L’automne me rappelle que tout est don: la vie, la nature, les découvertes, l’intelligence et ses réalisations. Tout est don y compris nos amours, nos élans de solidarité, nos entreprises de toute sorte. Tout est offrande. Nous habitons une terre offerte. Dieu célèbre une liturgie de la richesse qu’il confie à l’humanité. Dieu nous fait l’honneur de tout nous donner. Dieu est en action de grâce auprès de nous.
Quant à nous, dans cette action de grâce, pouvons-nous être autre chose que des hommes et des femmes de l’accueil. Même en inventant, même en prenant des initiatives, nous n’arrivons pas à faire autre chose que d’accueillir l’oeuvre de Dieu, de nous faire vivre de sa générosité. Quand nous nous assoyons devant une table plantureuse ou frugale, nous avons l’impression d’avoir gagné notre pitance. Mais, en fait, nous l’avons reçu même si elle nous a coûté des efforts, même si nous l’avons reçu à la sueur de notre front. Je ne suis pas propriétaire de ce que j’ai, même de ce que j’ai payé. Tout m’est, d’une certaine, façon prêté. Parfois j’aurais mille raisons de croire que je mérite ce que j’ai. Même ces jours-là, je continue de penser que tout m’est offert pour rien, pour la joie que Dieu éprouve à donner.

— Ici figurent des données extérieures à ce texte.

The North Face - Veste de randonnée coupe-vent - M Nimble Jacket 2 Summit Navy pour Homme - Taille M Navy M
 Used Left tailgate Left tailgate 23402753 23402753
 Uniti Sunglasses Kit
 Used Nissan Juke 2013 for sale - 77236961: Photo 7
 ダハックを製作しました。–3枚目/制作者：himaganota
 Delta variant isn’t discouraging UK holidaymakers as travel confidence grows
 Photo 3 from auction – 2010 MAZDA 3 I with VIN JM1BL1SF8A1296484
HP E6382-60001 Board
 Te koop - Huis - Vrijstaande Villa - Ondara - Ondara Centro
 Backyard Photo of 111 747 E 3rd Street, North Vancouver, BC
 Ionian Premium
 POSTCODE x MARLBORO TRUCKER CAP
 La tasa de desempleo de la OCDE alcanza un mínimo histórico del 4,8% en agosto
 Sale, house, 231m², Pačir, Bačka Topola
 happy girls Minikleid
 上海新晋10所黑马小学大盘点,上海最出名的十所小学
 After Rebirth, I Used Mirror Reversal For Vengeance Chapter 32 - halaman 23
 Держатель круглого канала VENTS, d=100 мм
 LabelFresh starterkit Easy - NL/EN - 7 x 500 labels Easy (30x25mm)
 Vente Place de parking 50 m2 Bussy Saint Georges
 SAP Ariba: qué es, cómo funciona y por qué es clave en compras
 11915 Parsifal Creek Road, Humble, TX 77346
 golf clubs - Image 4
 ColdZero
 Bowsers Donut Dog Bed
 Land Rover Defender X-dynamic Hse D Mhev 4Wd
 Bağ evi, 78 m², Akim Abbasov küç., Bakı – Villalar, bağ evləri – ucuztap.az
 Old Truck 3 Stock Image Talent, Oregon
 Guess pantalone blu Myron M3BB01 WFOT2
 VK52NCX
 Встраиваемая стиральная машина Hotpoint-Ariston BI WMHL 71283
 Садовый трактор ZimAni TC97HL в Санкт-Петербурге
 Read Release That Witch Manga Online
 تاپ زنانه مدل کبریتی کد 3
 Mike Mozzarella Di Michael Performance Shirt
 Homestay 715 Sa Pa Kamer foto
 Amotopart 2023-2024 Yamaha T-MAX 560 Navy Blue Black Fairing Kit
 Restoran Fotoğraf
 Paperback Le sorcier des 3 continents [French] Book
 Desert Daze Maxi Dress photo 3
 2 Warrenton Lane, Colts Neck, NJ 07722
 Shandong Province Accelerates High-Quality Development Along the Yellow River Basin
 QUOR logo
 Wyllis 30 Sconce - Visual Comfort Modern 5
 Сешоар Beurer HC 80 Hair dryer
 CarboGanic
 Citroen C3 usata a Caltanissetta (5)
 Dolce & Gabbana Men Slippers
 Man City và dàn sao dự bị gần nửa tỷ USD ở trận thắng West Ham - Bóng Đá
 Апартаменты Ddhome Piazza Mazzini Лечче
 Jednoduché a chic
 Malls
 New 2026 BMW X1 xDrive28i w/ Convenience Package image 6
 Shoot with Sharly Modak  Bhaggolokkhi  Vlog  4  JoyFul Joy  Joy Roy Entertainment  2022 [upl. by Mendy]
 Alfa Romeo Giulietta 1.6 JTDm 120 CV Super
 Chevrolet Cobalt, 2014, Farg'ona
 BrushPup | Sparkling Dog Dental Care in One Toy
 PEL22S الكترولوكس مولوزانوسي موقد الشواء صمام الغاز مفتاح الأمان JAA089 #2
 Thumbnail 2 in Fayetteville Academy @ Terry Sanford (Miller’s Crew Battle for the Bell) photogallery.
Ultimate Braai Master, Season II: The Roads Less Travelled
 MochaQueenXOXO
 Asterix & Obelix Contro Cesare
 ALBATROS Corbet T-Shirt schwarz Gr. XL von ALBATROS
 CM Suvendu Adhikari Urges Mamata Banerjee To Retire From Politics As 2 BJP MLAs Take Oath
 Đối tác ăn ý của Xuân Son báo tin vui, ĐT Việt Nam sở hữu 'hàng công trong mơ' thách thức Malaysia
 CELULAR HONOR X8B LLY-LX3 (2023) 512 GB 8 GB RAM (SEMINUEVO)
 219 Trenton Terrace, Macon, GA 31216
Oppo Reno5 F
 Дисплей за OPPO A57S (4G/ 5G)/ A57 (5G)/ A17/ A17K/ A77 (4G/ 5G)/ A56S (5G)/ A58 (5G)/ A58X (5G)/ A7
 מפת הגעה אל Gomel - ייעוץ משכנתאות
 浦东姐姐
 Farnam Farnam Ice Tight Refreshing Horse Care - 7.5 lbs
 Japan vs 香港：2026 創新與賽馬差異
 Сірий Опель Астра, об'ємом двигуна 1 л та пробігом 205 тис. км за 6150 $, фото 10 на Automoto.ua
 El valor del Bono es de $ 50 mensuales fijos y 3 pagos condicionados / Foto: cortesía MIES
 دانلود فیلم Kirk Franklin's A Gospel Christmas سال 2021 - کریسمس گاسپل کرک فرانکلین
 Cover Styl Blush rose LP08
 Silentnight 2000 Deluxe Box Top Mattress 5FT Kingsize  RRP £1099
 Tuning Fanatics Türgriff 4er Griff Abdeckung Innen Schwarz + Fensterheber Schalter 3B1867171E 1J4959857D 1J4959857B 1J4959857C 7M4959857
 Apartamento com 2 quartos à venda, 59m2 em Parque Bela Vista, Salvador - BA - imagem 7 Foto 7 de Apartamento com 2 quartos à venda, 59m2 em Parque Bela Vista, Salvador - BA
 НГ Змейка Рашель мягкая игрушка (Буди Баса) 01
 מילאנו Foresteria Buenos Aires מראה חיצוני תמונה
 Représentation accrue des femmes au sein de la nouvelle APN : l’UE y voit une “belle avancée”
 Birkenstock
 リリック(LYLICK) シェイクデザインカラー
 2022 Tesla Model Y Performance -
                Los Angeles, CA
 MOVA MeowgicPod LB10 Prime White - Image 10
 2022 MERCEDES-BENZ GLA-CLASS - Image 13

Un dû? Non! Une chance? Peut-être! Mais surtout et avant tout, une grâce! Et une grâce à partager. Tant d’autres ne sont pas gâtés comme je le suis. Tant d’autres attendent le don de Dieu qui doit passer par mes mains. Tant d’autres veulent accueillir et entrer à leur tour dans l’action de grâce. Ce que j’ai reçu, je l’ai reçu pour le partager.
Lundi de l’action de grâce. Vingt-quatre petites heures pour reconnaître que rien n’est petit puisque tout vient de Dieu.